真言

思った事書くだけ〜

ここは退屈

「ここは退屈、迎えに来て」

っていう小説がある。

小説は基本的に1回読んだらもう読む事は無いんだけど、この小説だけは定期的に何回か読み直してしまう。

私が死んだ後、親が勝手にBOOK・OFFにこの本を連れていかないように、好きな部分に蛍光ペンでマークまでしている。

私がえげつない執着を見せるこの作品、何が、どうして、ここまで私を惹き付けるのか。

今一度、この場をお借りして考えてみようと思う。

 

 

私がどこにも行けないから?

この小説には都会に出たけどうだつの上がらない日々を過ごして結果地元に戻ってくる登場人物がいるんだけど、これって私の事かもってなんとなく思った。

車が無いと人権も無くなる田舎で育った私は、都会に大いなる憧れがある。

都会に全てがあると本気で思っている。

でも、まだ都会に行く事にしり込みしている自分がいる。

何も無い日々を過ごして、先述した登場人物のように何も無い顔で帰ってくるんだろうなぁ。

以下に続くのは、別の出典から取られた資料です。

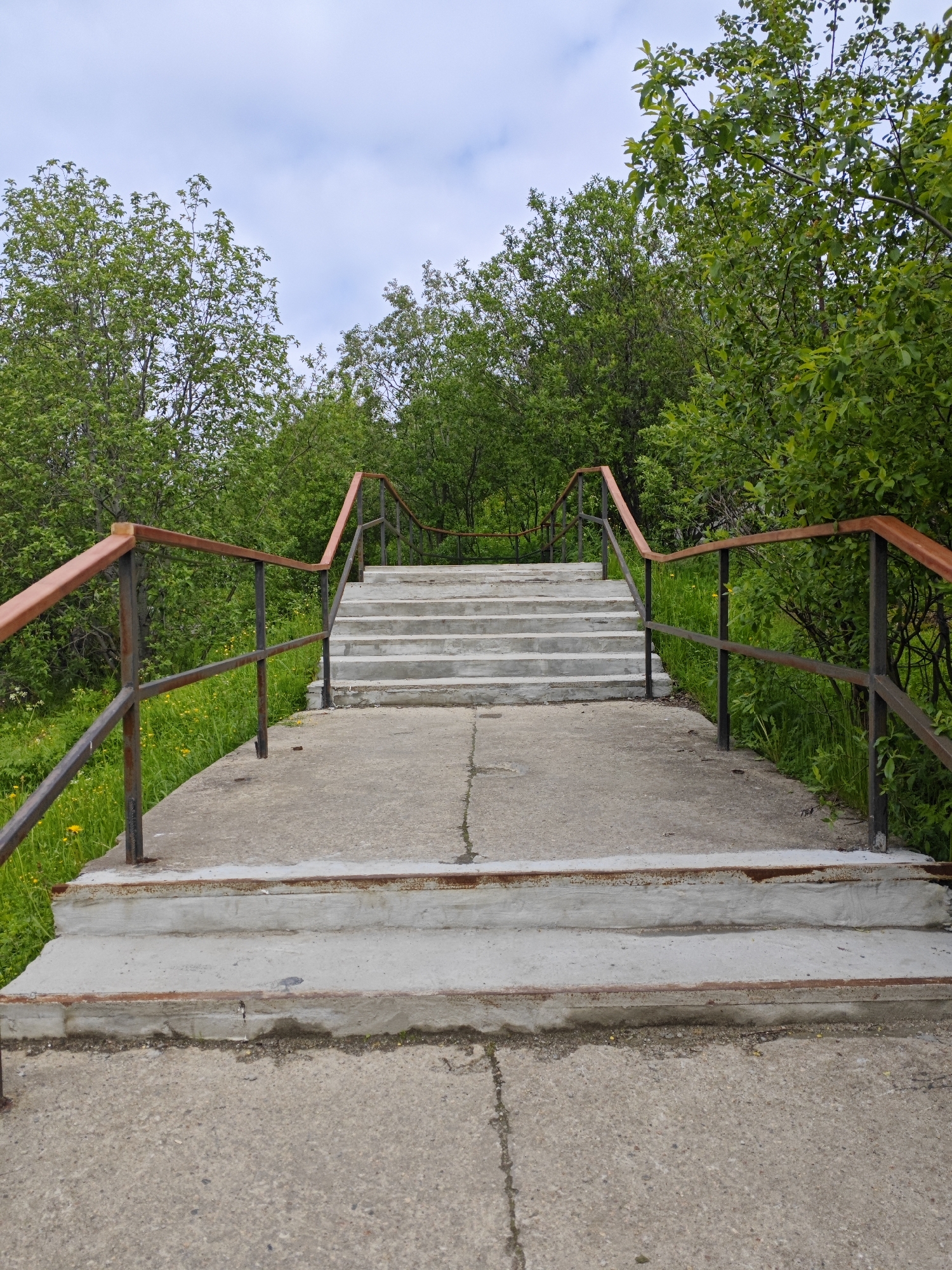 A concrete staircase with metal railings with wooden handrails ascends between lush green trees and grass under a cloudy sky. The scene is set in the city of Polyarny, Russia, suggesting an outdoor public space like a park or a pathway. The concrete steps show signs of wear and tear with some discoloration and minor cracks. The railings are made of dark metal poles supporting a reddish-brown wooden handrail. Green grass with scattered yellow flowers grows on either side of the pathway leading to the stairs. The trees are dense with vibrant green foliage, creating a natural backdrop. The sky is overcast with visible clouds. There are no people or animals visible in the image.
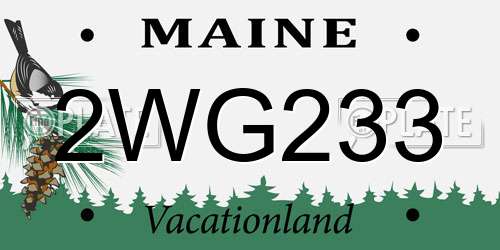 2WG233 Maine License Plate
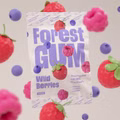 Forest Gum Wild Berries, Fruchtgummi, 12 Beutel je 100g Bild 4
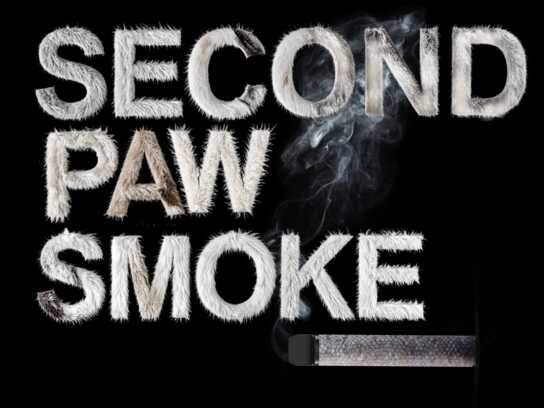 Second Paw Smoke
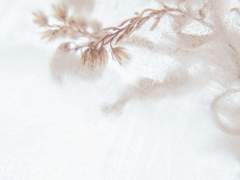 8. 앞으로가 더 재밌을 거 같아 (完)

それって、どこかに行きたかったけど、どこにも行けなかった事と同じだよね。

どこかに行きたいけど、どこにも行けない、ずっとそんな気持ちを抱えている私の傷口に丁度よくこの作品が塩を塗ってくれる、まだ痛くないまだ痛くないって調節しながら、少しずつ。

 

結局は皆同じになってく

モデルの子が旬を終えて地元に帰ってきて、友達(元モデルのファン)が出来て、うだうだ言いながら婚活して無事結婚、子供ができるっていう話もこの作品の中にある。

女の人なら1回は考えた事あるかもね、出産とか結婚とか。

んで、若い子って皆普通ではいたくないから(かくいう私も)結婚はせず、キャリアウーマンになる道を選びたがる。この作品の中に出てくる子もそうだった。けど、30代になったら安定して寄りかかれる人が欲しくなるんだって。

皆、なりたくなかった普通になっていくんだって。誰かが言ってた。

でも今は結婚も出産も贅沢品だから。

その内誰もしなくなる、皆同じになっていく、そんな気がする。

 

友達の事、憧れた同級生の事

作品中に出てくるモデルの子と友達になったファンの子は、モデルの子とめっちゃ仲良しになるんだけど、先にモデルが結婚して、ファンと話が合わなくなって、ファンが1人でヤキモキしちゃうっていう場面がある。

生きながら、じんわり死んでいく人っているよね。自分の中で。

私も、今のまま変わってしまうのが惜しくて、冷凍保存したいくらい大好きな友達がいる。

でも、私が変わってしまったら、その子は私についてどう思うんだろう。私も誰かの中でじんわり死んでいく日が来るのかな。

似たような話で、思い出って妙に綺麗ですよね。あの頃1番だった同級生が、どこにでもいる普通の人間になってた、っていう話が作品中にあるんだけども、これ思い出の美化ですね。

私が好きだったのはあの頃の貴方だったのね〜なんて、よくある話。

でも皆通る道。思い出を綺麗にしてしまう性質を持った我々人間の避けては通れない道。

去年の桜、綺麗だった?今年の桜はそうでも無かった?誰と見た桜が1番綺麗だった?その誰かは今も生きてる?

思い浮かべているのは あの頃の私

また正解!魔人はなんでもお見通しだ!すでに21回プレイされたキャラクター

 

この作品は、私の傷を抉って、そこにいい塩梅で塩を塗るも、それを水に流して、瘡蓋を作ってくれる、そしてまた時が来たら傷を抉る。

DVしてくる彼氏から離れられない彼女みたいに私はこの作品から離れらないんでしょうな。